Dr. Thomas Stopka: We just have to pull out all the options, think creatively… And it's sad, it's scary and frustrating that we're continuing to go in the wrong direction.
Reed Pence: Making opioids emergency painkillers when Radio Health Journal returns...
Just before Thanksgiving, the federal government confirmed what a lot of health experts already suspected. During the first year of the Covid pandemic, drug overdoses claimed the lives of more than a hundred thousand Americans for the first time ever. It was a major jump in lives lost, and opioids accounted for about two-thirds of them.
Dr. Thomas Stopka: I can't say that it totally surprised me, especially given the increase in the previous report from the federal government, where there was a 30% increase from the prior year. And unfortunately we have seen things going in the wrong direction from the beginning of the Covid pandemic.
Reed Pence: That's Dr. Thomas Stopka, Associate Professor of Public Health and Community Medicine at Tufts University. His research has focused on opiate overdoses.
Dr. Thomas Stopka: Is it disheartening, frightening, and really sad and scary to see? Yes, absolutely. I hope and wish we can begin to go in the other direction. We just have to pull out all the options, think creatively and comprehensively about a response. The Covid-19 pandemic certainly didn't help and maybe greatly exacerbated the current situation with mental illness. That includes your substance use disorder and opioid use disorder. Now is the time to invest adequate support, to try to bring about change.
Reed Pence: Especially in the early days of the pandemic, stress, fear and chaos were everywhere. And that's bad enough if you're living what you'd consider a normal life, but it's the worst possible situation for people trying to deal with a mental illness or drug addiction.

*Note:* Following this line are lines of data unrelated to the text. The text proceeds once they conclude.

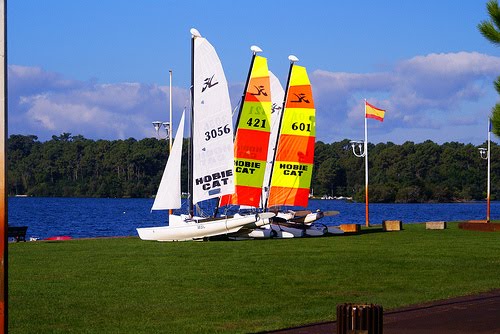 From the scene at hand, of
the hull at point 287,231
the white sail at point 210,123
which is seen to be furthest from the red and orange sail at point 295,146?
the white sail at point 210,123

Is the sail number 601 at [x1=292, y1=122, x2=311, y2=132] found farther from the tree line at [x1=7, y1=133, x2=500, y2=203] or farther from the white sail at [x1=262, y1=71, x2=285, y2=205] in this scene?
the tree line at [x1=7, y1=133, x2=500, y2=203]

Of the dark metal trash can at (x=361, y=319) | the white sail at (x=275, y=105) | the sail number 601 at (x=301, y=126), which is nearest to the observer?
the dark metal trash can at (x=361, y=319)

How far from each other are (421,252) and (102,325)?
45.6 feet

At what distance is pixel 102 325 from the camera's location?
542 inches

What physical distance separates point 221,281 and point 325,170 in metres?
120

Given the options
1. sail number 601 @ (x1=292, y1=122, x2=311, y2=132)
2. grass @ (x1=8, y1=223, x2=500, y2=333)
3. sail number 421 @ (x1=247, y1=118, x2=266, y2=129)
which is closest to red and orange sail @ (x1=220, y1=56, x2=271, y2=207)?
sail number 421 @ (x1=247, y1=118, x2=266, y2=129)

Dr. Thomas Stopka: We had so much uncertainty and so many signs and displays in the news of severe illness, hospitalization, and death... And growing awareness of inequities, morbidity, and mortality patterns. The pandemic closed off so many services to us. Access to healthcare broadly became quite limited when it comes to routine appointments and for people receiving medications for opioid use disorder, for instance—initially, there was uncertainty as to how folks should approach. their typical visits to an opioid treatment program or to a methadone maintenance program. Or to a doctor's office where they would typically get a prescription renewed and refill for buprenorphine.

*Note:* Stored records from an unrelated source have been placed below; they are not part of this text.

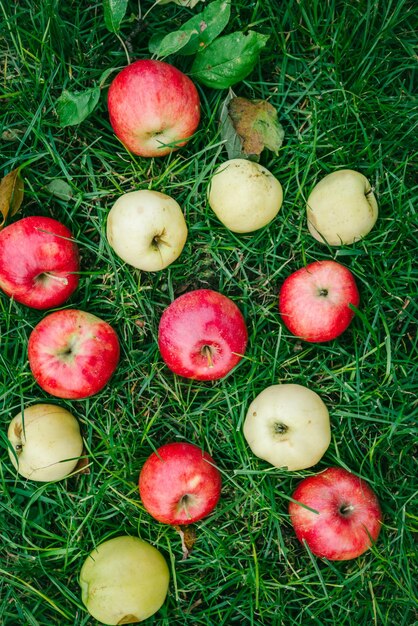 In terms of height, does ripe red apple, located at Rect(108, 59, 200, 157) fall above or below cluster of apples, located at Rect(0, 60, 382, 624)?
above

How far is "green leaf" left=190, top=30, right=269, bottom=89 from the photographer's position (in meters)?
3.07

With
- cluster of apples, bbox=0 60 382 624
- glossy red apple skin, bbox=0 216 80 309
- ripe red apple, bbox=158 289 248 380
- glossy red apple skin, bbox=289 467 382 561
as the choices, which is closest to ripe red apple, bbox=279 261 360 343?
cluster of apples, bbox=0 60 382 624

Dr. Thomas Stopka: Supply chain disruptions hit other drug users too. Again, especially in the early days of the pandemic. Stopka says many illicit drug users had to buy from people who were unfamiliar, some paid with their lives.
Dr. Thomas Stopka: If people are not able to get access to their typical supply, there's even more uncertainty in what it is that they're purchasing. And throughout the country right now, the fact that fentanyl is so prominent, not only in presumed opioid purchases, but also in presumed stimulant purchases: methamphetamine, cocaine, for instance. Folks often can be surprised. And when their tolerance for opioids is very low, particularly for people who solely use cocaine and methamphetamine, the risks for overdose are even further exacerbated.

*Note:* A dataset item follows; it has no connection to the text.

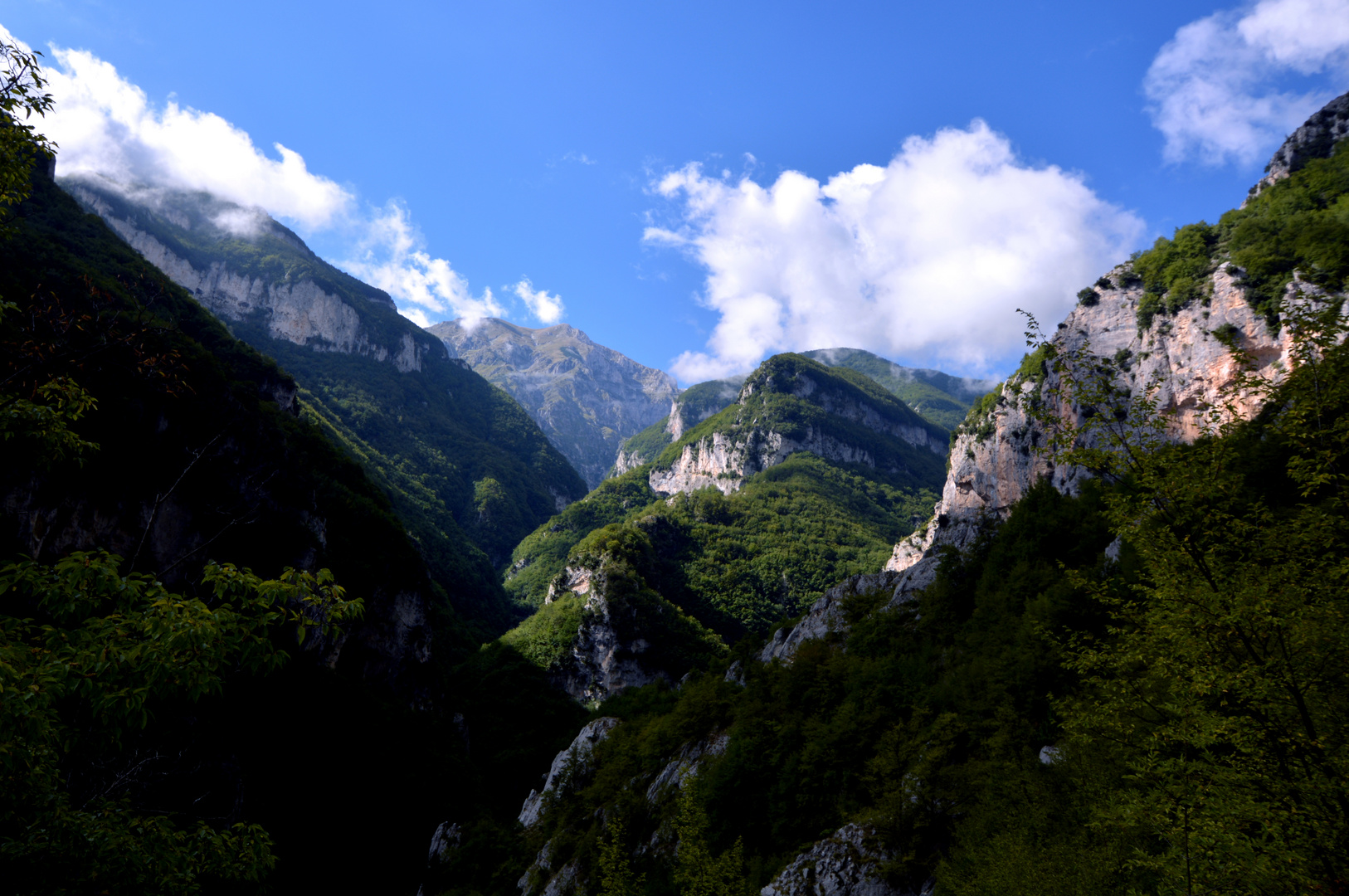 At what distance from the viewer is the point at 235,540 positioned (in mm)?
43000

Reed Pence: However, as the pandemic wore on, it wasn't an across-the-board disaster for opioid users.
Dr. Thomas Stopka: The Covid pandemic had some silver linings when it comes to access to medications for opioid use disorder, right? Because early on it didn't make sense for patients inclusions to meet in person and potentially increase the risk of Covid exposure and transmission. So the fact that methadone maintenance programs, and the fact that buprenorphine prescribers we're able to relax some of the typical requirements—because the federal government relaxed some of those requirements—was a silver lining in that people could now more easily get access to take-home doses. Then they wouldn't have to go to a methadone maintenance clinic every day, or every week if that's the stage that they were at in their treatment. And you know, the sky didn't fall when these regulations were relaxed.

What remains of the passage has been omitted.